• [Required action]: Exact repetition of a range: find the line containing "Artificial plant Alocasia" and the line containing "В Калининградской области" in the material below, then repeat both and all lines between them, leaving pictures out.

• [Supplied records]:
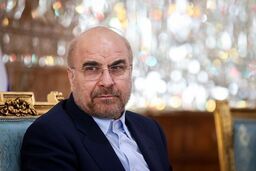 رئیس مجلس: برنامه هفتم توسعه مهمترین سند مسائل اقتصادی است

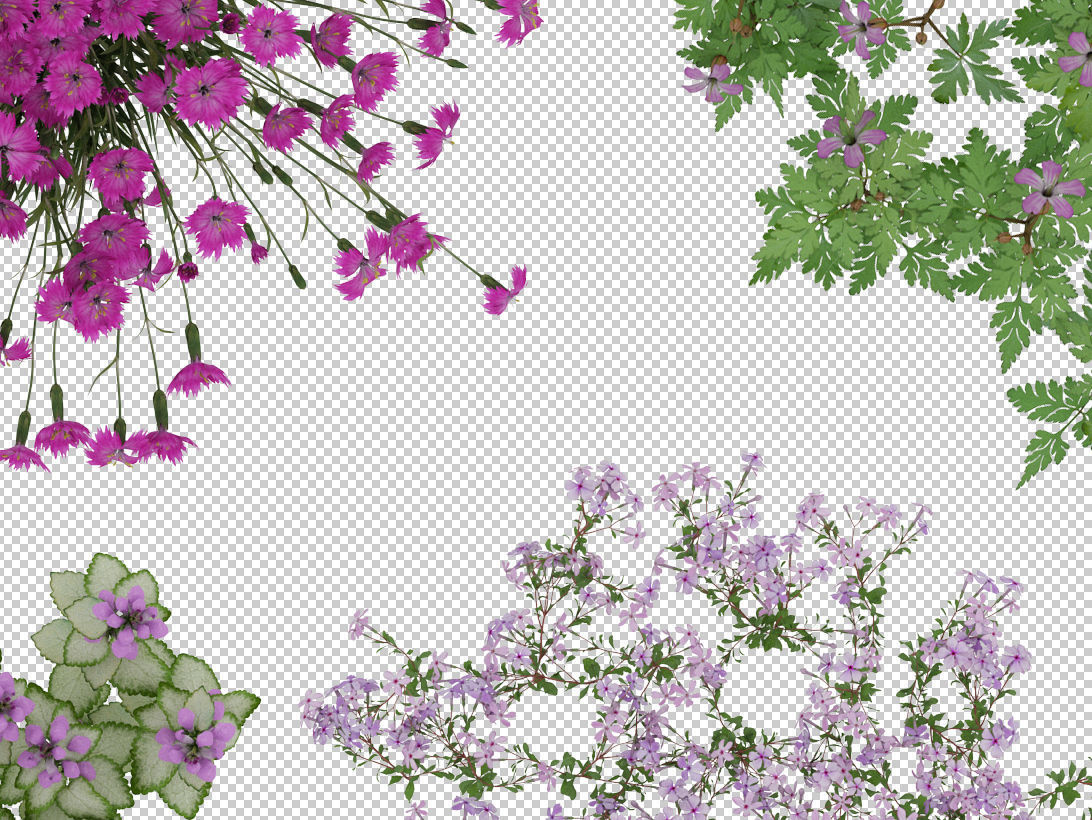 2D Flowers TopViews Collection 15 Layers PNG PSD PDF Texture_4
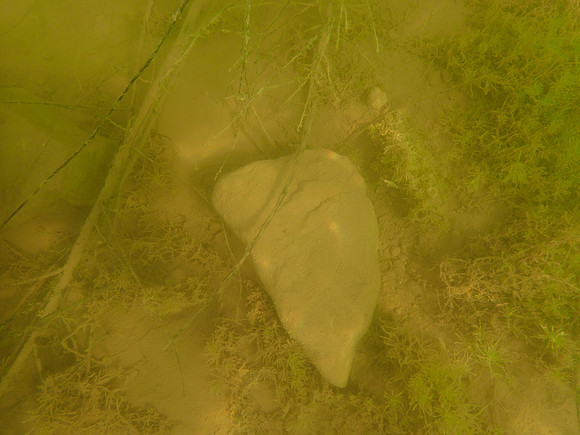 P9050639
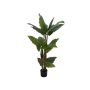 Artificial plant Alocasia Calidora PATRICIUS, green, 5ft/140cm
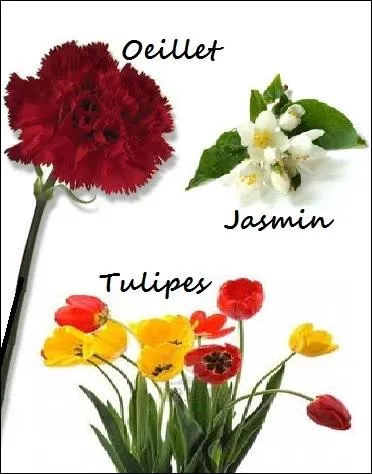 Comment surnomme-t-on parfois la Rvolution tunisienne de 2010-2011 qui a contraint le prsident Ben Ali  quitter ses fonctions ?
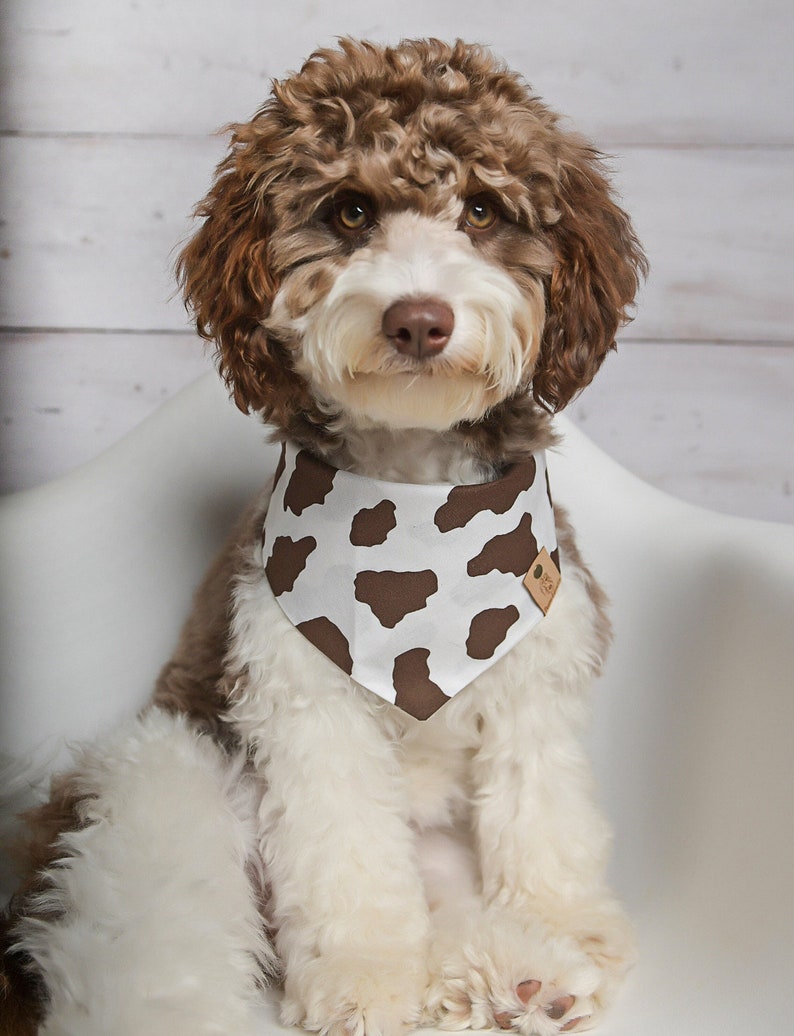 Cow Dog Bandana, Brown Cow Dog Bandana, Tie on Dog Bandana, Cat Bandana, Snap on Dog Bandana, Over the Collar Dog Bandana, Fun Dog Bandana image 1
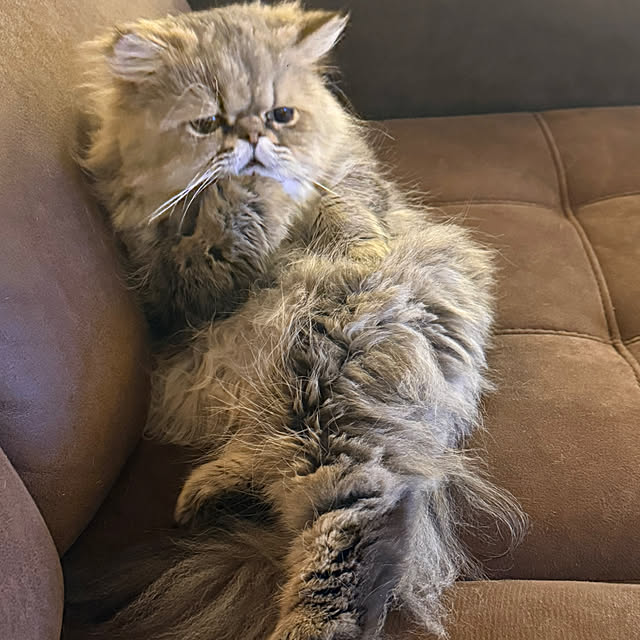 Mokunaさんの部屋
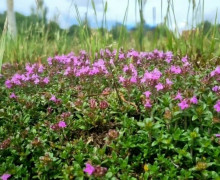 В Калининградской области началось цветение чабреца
--
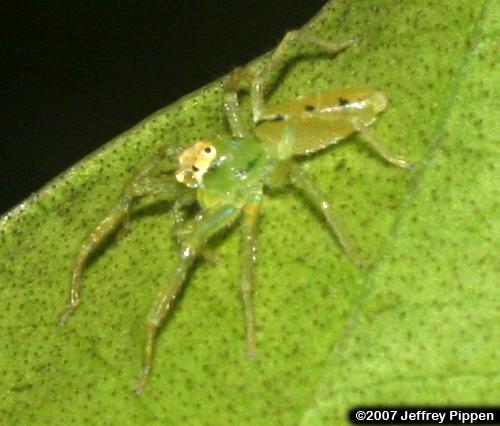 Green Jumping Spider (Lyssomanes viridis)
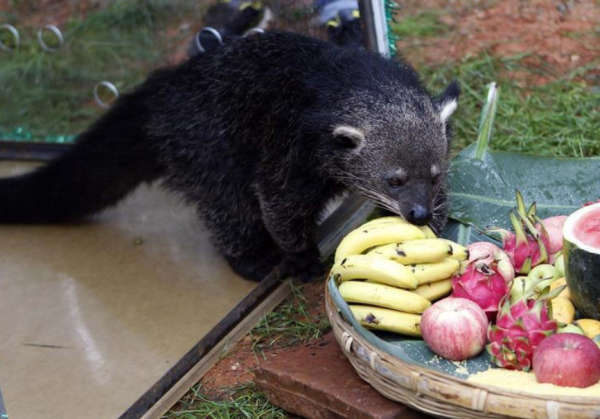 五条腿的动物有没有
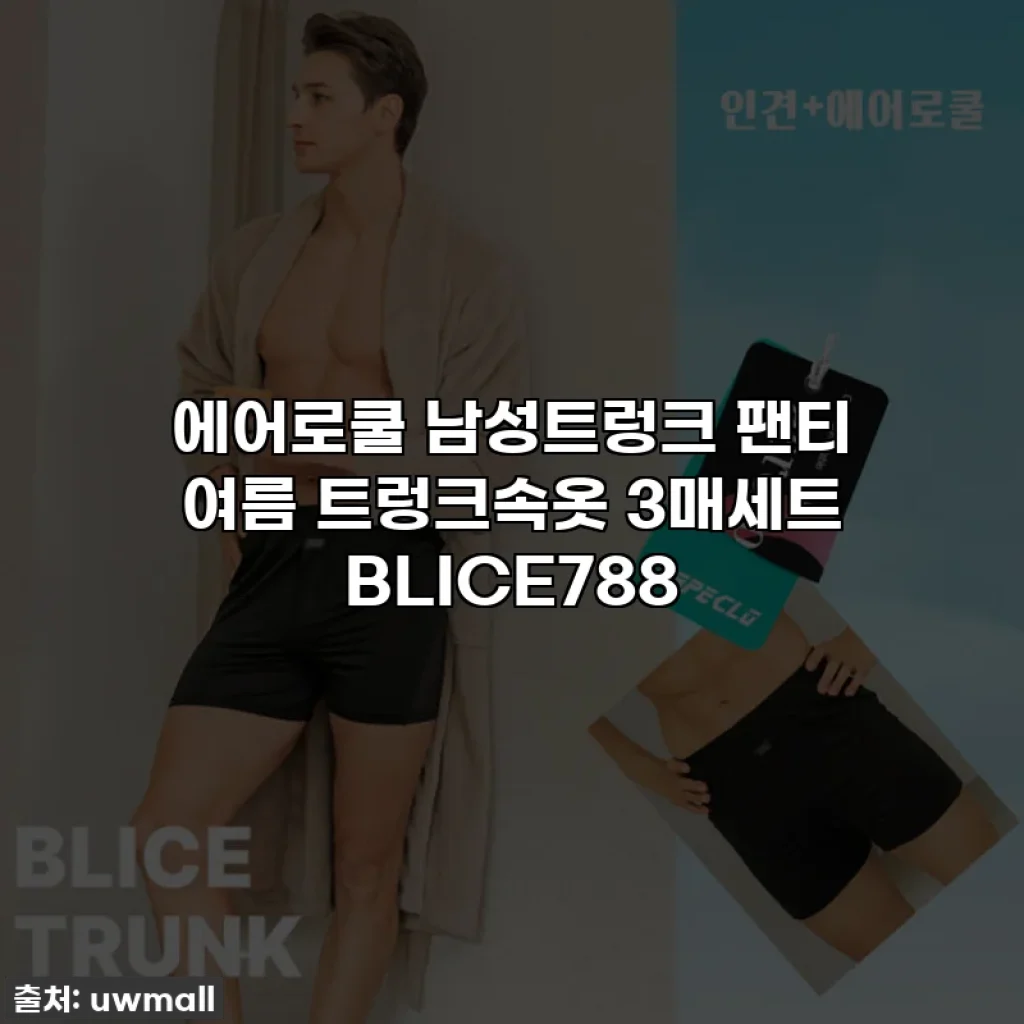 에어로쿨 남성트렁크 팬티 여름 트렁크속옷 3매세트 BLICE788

• [Answer]:
 Artificial plant Alocasia Calidora PATRICIUS, green, 5ft/140cm
 Comment surnomme-t-on parfois la Rvolution tunisienne de 2010-2011 qui a contraint le prsident Ben Ali  quitter ses fonctions ?
 Cow Dog Bandana, Brown Cow Dog Bandana, Tie on Dog Bandana, Cat Bandana, Snap on Dog Bandana, Over the Collar Dog Bandana, Fun Dog Bandana image 1
 Mokunaさんの部屋
 В Калининградской области началось цветение чабреца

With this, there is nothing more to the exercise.